Über das Schicksal dieser unschätzbaren Handschrift, die gegenwärtig im Karmelitinnenkloster von Sevilla aufbewahrt wird, wissen wir, dass die Heilige sie dem Pater Hieronymus Gracián zur Aufbewahrung übergab, um sie vor dem Zugriff der Inquisition zu retten. Von Pater Gracián ging sie in die Hände der Schwester Maria vom heiligen Joseph, Priorin von Sevilla, über; und die Schwestern von Sevilla waren von da an, mit Ausnahme weniger Jahre, die treuen Hüterinnen dieses kostbaren Schatzes. 1587 wurde die Handschrift der ehrwürdigen Schwester Anna von Jesus übergeben, die damals die Schriften der heiligen Mutter für Pater Ludwig de León Oh.S.A. sammelte, der die erste Gesamtausgabe derselben vorbereitete. Nach Vorbereitung dieser Ausgabe schenkte Pater Gracián die Handschrift einem gewissen Don Pedro Cerezo Pardo, einem der größten Wohltäter der karmelitanischen Reform. Als im Jahre 1617 dessen Tochter Katharina im Kloster der Karmelitinnen von Sevilla den Schleier nahm, brachte sie außer einer reichen Mitgift auch die Handschrift der »Seelenburg« als köstliche Morgengabe mit, wo sie dann auf Kosten einer anderen eintretenden Novizin, Doña Johnna de Mendoza, Tochter des Herzogs von Béjar, den ihrem inneren Wert gebührenden Einband: Beleg mit silbergetriebenen Platten mit vergoldetem Schmuck und Emailverzierungen, erhielt.

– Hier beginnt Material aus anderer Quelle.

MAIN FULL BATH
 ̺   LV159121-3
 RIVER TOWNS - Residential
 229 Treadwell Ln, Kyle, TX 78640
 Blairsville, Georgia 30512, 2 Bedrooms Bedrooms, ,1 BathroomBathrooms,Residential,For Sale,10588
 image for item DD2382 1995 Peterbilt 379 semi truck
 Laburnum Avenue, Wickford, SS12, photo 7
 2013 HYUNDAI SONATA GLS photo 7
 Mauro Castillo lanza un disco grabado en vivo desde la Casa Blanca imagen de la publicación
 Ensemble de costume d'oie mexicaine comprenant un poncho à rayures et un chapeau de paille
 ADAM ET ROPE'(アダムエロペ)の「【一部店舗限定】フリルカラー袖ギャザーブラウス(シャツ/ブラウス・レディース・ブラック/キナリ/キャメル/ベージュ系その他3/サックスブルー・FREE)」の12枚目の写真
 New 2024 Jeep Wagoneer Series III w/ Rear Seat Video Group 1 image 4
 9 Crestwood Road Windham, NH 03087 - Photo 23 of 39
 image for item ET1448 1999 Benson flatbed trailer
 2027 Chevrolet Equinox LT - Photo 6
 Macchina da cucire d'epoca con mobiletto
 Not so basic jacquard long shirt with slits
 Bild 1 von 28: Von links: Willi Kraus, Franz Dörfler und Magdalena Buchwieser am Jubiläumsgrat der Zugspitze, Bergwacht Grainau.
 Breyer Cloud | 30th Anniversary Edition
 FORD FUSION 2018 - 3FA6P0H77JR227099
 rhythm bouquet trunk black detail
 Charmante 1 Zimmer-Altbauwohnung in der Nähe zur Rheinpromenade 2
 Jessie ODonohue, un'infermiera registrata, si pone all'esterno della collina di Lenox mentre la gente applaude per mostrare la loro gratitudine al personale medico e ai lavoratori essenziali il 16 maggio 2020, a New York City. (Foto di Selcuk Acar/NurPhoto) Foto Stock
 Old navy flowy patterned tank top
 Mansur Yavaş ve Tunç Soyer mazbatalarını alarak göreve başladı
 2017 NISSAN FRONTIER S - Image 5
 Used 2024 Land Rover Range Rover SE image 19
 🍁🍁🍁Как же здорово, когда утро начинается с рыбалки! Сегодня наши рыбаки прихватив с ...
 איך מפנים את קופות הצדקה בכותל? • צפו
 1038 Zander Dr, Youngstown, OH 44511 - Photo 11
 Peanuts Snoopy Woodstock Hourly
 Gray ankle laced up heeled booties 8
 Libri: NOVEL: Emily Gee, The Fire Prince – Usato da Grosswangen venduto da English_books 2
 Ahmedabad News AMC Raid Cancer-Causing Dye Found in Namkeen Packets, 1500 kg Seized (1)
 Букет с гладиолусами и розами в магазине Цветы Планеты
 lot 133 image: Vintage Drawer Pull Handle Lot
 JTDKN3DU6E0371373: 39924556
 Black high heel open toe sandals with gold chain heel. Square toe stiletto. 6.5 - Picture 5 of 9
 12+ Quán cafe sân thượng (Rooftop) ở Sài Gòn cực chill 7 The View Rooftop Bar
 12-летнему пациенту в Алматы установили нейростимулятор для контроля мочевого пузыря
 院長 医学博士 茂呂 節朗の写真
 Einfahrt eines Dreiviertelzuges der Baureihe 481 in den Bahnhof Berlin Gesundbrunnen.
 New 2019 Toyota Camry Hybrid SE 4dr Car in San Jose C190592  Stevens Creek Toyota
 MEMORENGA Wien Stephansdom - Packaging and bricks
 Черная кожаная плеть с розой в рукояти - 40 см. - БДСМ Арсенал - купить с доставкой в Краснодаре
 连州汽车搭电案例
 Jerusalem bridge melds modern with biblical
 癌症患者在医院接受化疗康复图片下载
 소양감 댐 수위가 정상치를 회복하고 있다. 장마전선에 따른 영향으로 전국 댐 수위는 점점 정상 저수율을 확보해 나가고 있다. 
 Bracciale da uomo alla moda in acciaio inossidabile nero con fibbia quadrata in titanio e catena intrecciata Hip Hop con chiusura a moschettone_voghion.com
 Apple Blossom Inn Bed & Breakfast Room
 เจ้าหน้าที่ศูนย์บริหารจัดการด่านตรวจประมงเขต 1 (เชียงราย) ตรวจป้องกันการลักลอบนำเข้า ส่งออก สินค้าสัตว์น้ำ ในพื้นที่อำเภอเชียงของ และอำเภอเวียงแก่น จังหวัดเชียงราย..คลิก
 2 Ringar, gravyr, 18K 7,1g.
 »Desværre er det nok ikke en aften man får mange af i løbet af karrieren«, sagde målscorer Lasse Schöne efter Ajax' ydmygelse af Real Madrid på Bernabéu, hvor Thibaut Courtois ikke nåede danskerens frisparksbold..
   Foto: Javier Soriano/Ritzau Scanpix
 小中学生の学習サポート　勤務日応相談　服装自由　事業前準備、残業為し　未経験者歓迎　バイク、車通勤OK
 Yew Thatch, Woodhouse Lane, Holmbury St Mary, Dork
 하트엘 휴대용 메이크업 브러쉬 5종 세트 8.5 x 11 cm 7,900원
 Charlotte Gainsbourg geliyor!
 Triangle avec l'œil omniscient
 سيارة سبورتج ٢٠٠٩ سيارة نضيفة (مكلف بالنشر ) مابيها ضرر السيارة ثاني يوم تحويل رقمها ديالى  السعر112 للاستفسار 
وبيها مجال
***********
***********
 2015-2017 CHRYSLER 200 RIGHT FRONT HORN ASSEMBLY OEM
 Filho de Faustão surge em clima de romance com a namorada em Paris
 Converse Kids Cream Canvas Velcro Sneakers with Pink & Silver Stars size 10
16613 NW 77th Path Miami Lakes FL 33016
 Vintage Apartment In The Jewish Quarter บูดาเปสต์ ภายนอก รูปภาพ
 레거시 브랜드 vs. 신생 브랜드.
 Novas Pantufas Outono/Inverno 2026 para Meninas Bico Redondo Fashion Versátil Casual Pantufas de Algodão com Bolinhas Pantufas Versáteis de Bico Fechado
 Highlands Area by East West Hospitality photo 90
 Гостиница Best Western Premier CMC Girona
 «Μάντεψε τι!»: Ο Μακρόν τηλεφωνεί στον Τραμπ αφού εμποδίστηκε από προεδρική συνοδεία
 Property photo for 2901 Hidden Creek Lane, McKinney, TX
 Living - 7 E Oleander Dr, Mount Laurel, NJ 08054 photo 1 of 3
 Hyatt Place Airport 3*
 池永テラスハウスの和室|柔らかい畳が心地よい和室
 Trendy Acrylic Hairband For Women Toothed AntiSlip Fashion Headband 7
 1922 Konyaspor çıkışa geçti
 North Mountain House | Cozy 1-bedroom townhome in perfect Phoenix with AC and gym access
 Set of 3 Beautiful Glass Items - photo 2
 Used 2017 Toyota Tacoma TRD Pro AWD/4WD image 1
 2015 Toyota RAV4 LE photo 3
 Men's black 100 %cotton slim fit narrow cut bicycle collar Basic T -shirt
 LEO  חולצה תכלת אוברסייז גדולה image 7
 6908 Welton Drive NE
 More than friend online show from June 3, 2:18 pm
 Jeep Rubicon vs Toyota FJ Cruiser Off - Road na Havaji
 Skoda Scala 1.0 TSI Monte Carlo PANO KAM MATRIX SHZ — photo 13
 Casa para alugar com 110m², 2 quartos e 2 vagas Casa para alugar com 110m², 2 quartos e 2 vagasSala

Im Druck erschien die »Seelenburg« zum ersten Mal in Salamanca 1588 in der schon erwähnten Gesamtausgabe der Schriften der Heiligen Theresia durch Ludwig de León, die dann schon im Laufe der folgenden Jahre wiederholt aufgelegt wurde (siehe dazu unsere Einleitung im I. Band, S. 19). eine besonders wertvolle Einzelausgabe der »Seelenburg« ward im Jahre 1882, anlässlich der dritten Zentenarfeier des Todestages der Heiligen, durch Kardinal Joachim Lluch Oh. Carm., Erzbischof von Sevilla, bewerkstelligt.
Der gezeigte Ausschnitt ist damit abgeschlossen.